Different dialysis modalities may have different seroconversion responses. Khan et al., showed that PD patients had a lower seroconversion rate after HBV vaccination than HD patients [28]. However, a meta-analysis showed a different result by pooling 1211 dialysis patients from 14 clinical trials showed there is no significant link between dialysis mode and sero-response to HBV vaccine in the dialysis population [29]. In the present study, the antibody levels were higher in PD than in HD patients (2236.0 ± 4592.0 vs. 1342.0 ± 1894.0) (Supplementary Table S1). However, no statistical significance was found between the groups. A higher number of HD than PD participants probably accounted for the lack of statistical significance in the present study. However, whether dialysis modality accounts for immune response to the SARS-CoV2 vaccine may need a more extensive scale study.

Vaccine triggering immune response involves a complex cellular dynamic to activated B-cell response. Antigen and B-cell receptors interaction initiate the early B-cell proliferation. Following the proliferative phase, early B-cells differentiated into the short-lived plasma cells (SLPC), germinal center (GC) cells, and memory B-cells. GCs give more SLPCs, memory Bs, and long-lived plasma cells (LLPC) in response to the subsequent antigen stimulation [30]. The flow cytometry disclosed that the SNs had a significantly depressed level of B-cells. In particular, both early active and proliferative B-cells were significantly lower in the SNs (Figure 4). Our finding is compatible with the report from the mRNA vaccine BNT162b2 study performed by Rincon-Arevalo et al. [31].

Our patients were primarily tolerable to the AZ vaccine. Most patients had minor symptoms and recovered entirely within a week (Figure S1). Only two patients experienced shortness of breath immediately after the vaccine. However, no clinical significance was found.

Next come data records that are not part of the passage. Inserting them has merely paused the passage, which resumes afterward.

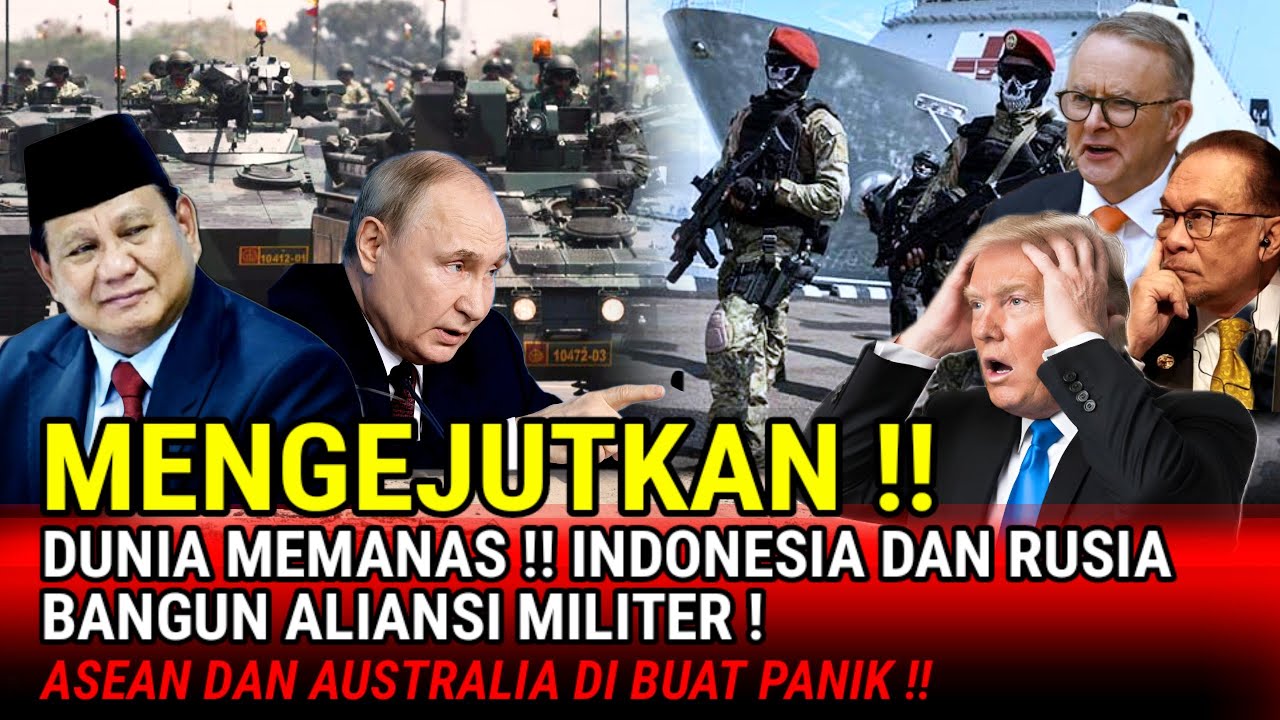 DUNIA MEMANAS ‼️ INDONESIA-RUSIA BANGUN ALIANSI MILITER!! ASEAN DAN AUSTRALIA PANIK !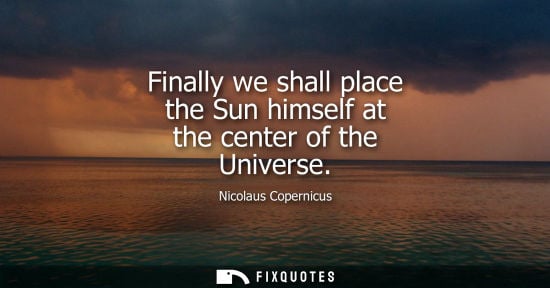 Small: Finally we shall place the Sun himself at the center of the Universe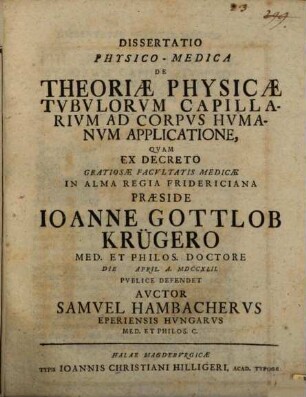 Diss. phys.-med. de theoriae physicae tubulorum capillarium ad corpus humanum applicatione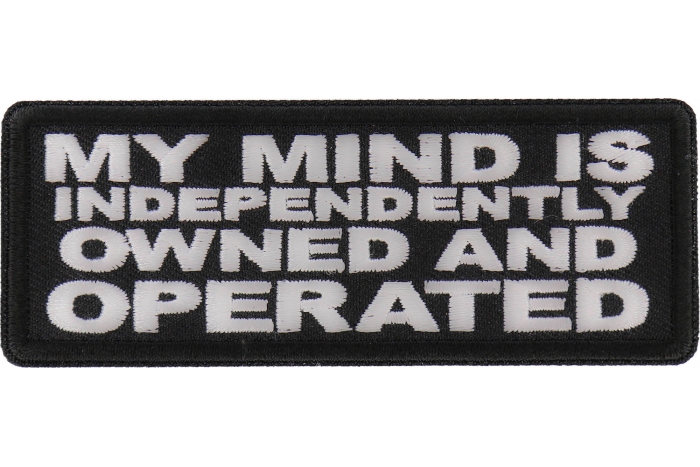 My Mind is Independently Owned and Operated Patch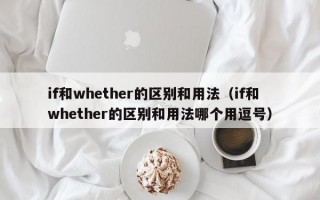 if和whether的区别和用法（if和whether的区别和用法哪个用逗号）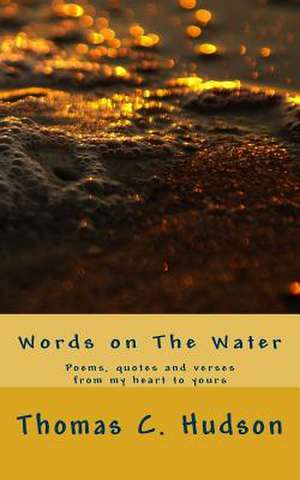 Words on the Water de MR Thomas C. Hudson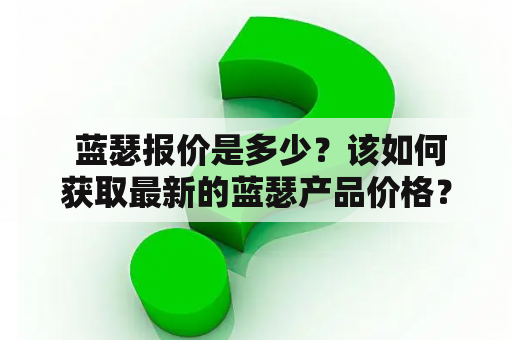  蓝瑟报价是多少？该如何获取最新的蓝瑟产品价格？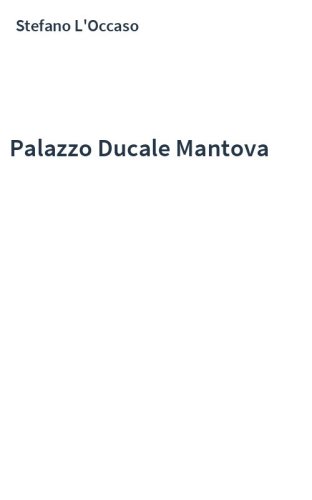 Palazzo Ducale Mantova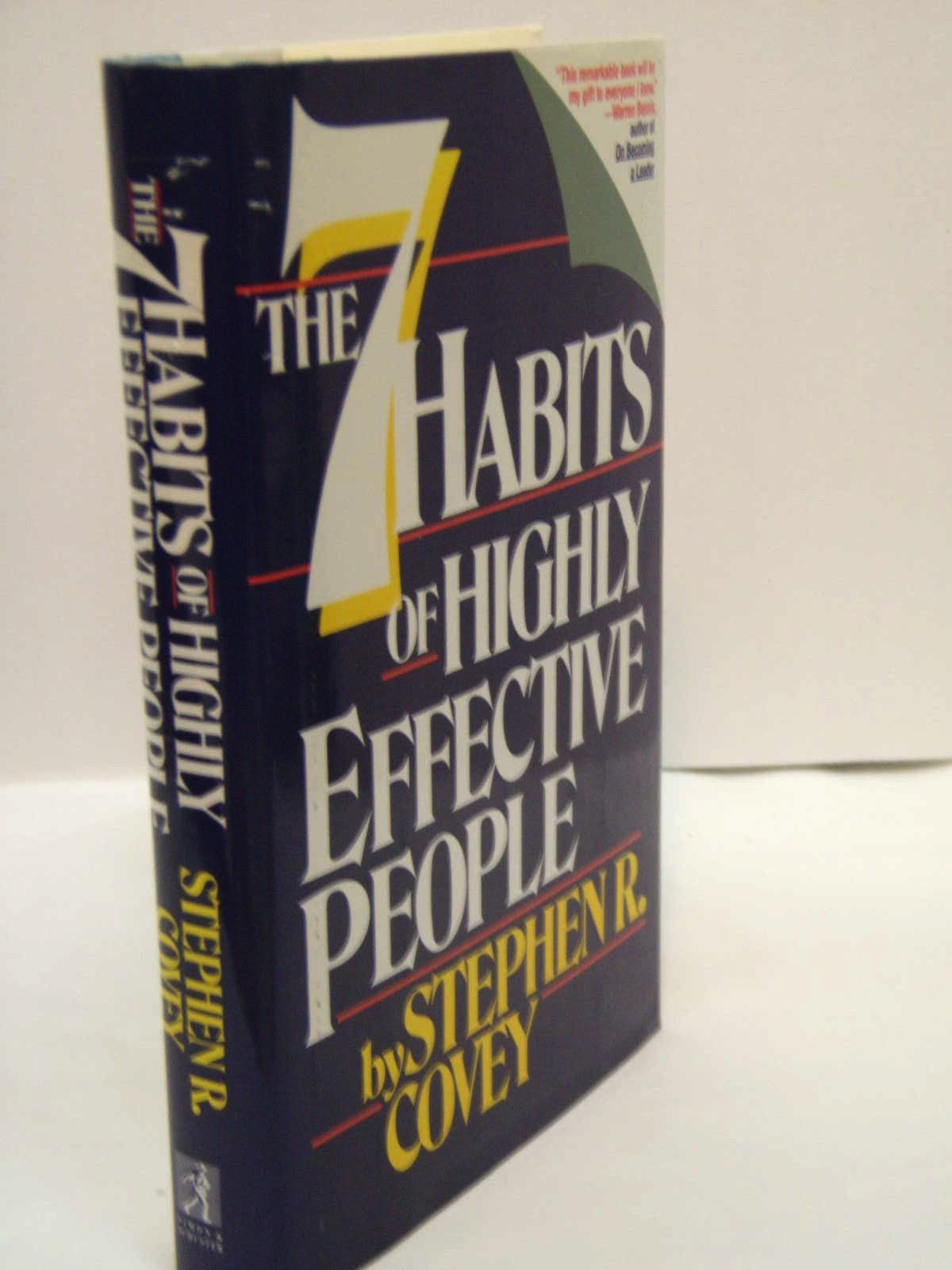 Seven Habits Of Highly Effective People: Restoring The Character Ethic,New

Our study was limited by two local centers’ experience involving an average of a relatively older age population. There were no age and gender-matched healthy individuals from the local data to compare our patients’ humoral responses. However, we had the advantage of following the serological response to the AZ vaccine in non-infected dialysis patients. The weekly rapid antigen screens helped us identify the concealed COVID-19 infection patients. Any potentially infected patients would be excluded from our analysis.

5. Conclusions

Age appeared to be the essential factor associated with humoral response in chronic dialysis patients after the ChAdOx1 nCoV-19 (Oxford-AstraZeneca) vaccination. No CKD-specific factors hinder the humoral response (as demonstrated in the present study). Although the present study did not include the healthy control subjects, previous reports suggest a similar percentage of humoral response in healthy individuals, such as in the CKD patients in the current study [32]. A depressed B-cells response was found in a subset of patients with a suboptimal anti-RBD-Ab response. The implication of this finding will require further immunological investigations.